06/26/2025
Born Into It
You lost a loved one and you’re happy?
Here’s what you are doing right…
Its all about getting comfortable with your new identity without that person. That’s what time helps with. Time doesn't heal the wound but it aids in the processing of the new identity. The grief work still has to be done. We don’t miss our special person or love our special person less over time. All losses are about getting comfortable with our new identity after the loss. It is about how we identify with who we think we are as human beings in that moment and who we will or wont be without that person. We define ourselves by who we associate with, who we don’t associate with, with possessions we have or possessions we don't have and when parts of that association change, we often feel robbed and our identity is rocked.
Why do we build foundations, tell stories and make movies where life is based on the premise that we are in control of things we are clearly NOT in control of? We act as if everything is permanent when we know nothing is. Why don't we teach our children about change like we do the ABC’s? What if we processed and accepted our lives were in flux and ever changing? So that we taught our children to live in the moment and in gratitude for that moment. Wouldn’t nt this be better than being surprised and denying that we are constantly changing, assimilating, and evolving from within every cell in our body. When we look at change as the expected constant, life is easier. The changes becomes more like little tweaks, small pivots, even fine lines, silver linings.
Learning to assimilate who we are in every moment is freeing and scary.
…And it’s the difference between healthy healing and living with the raw wound. It’s why some people can still find a different kind of happiness after a loss and others cant seem to move forward. Neither person is better. Some of us just naturally assimilate, some of us have better support systems to begin with. Grief doesn't discriminate. It affects all of us. It doesn't care if you are rich or poor, kind or mean, a giver or a taker. No one of us is better or worse for how we respond to grief. We are each different and different losses mean different things to each of us.
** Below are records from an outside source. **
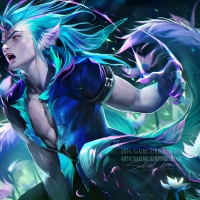 Death Blossom Wolf
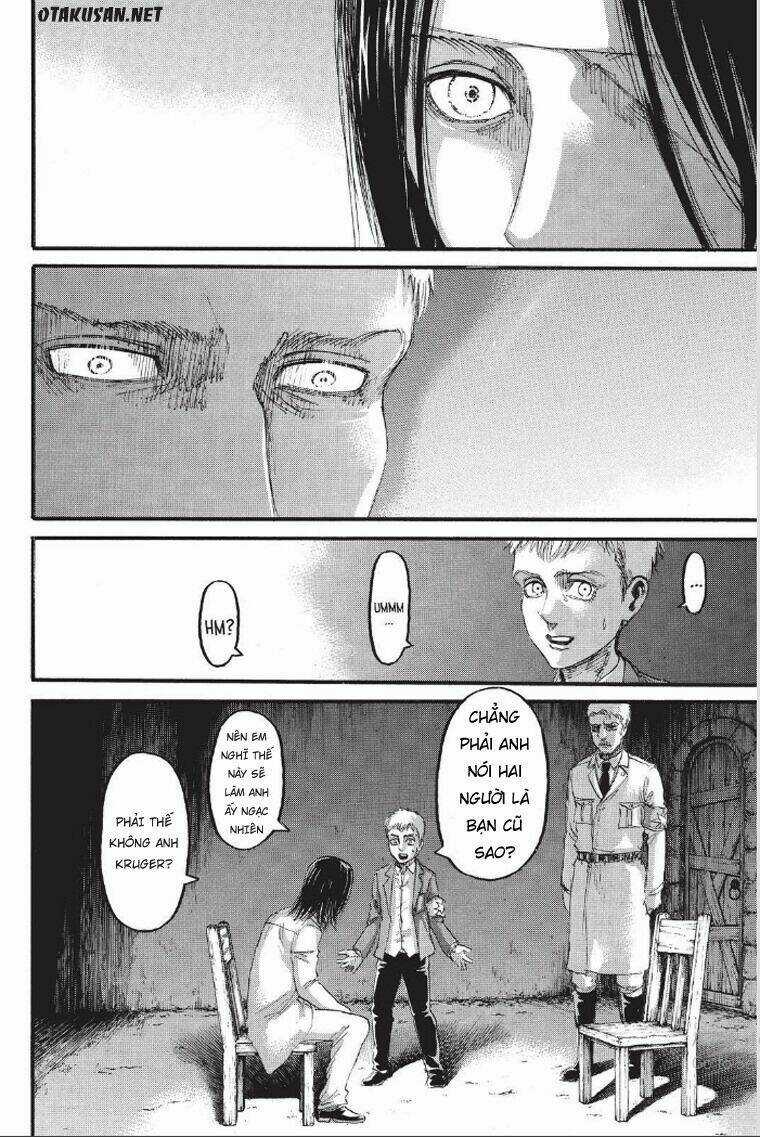 Đại Chiến Người Khổng Lồ Chapter 99 trang 4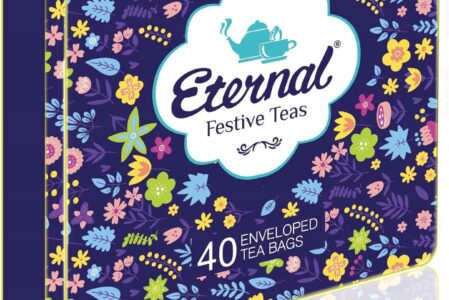 Eternal Herbata Festive Teas Colekcja 40szt.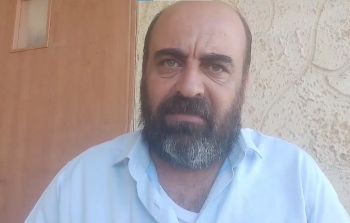 الناشط نزار بنات المعتقل لدى الوقائي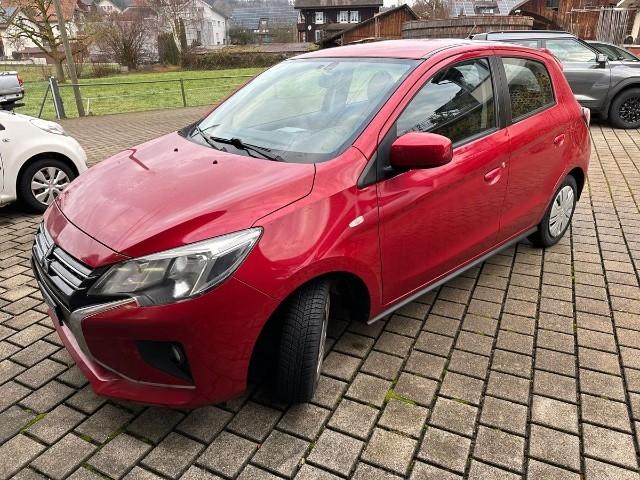 Mitsubishi Space Star (53725 km)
Why is my job as a grief therapist so important? Because grief is incorporated in every part of our lives and change is the only way we grow, its around every corner, under every stone. We get scared and say that wont happen to me, that could never but it can and it does. We can’t just support people who are going through the major “socially acceptable” losses, the obvious ones society barely dares to understand, and barely tolerates. Bc then we are invalidating ourselves as we rob others of their grief and growth. With grief comes the beauty of growth, of compassion that is born from real understanding of loss.
This acceptance, this letting go, this assimilating, the learning and rebirth with pieces of the old identity into a new identity is a fact of human living. This growth IS what makes us progress as humans. This is our evolution and the only way we move forward. Like it or not, you don’t have to join the Grief Club because we were all born into it. So slow down, don’t judge. Just observe. To the brave hearted, I dare say, embrace it, sit with it, let it move through you, and you will be amazed at the beauty on the other side.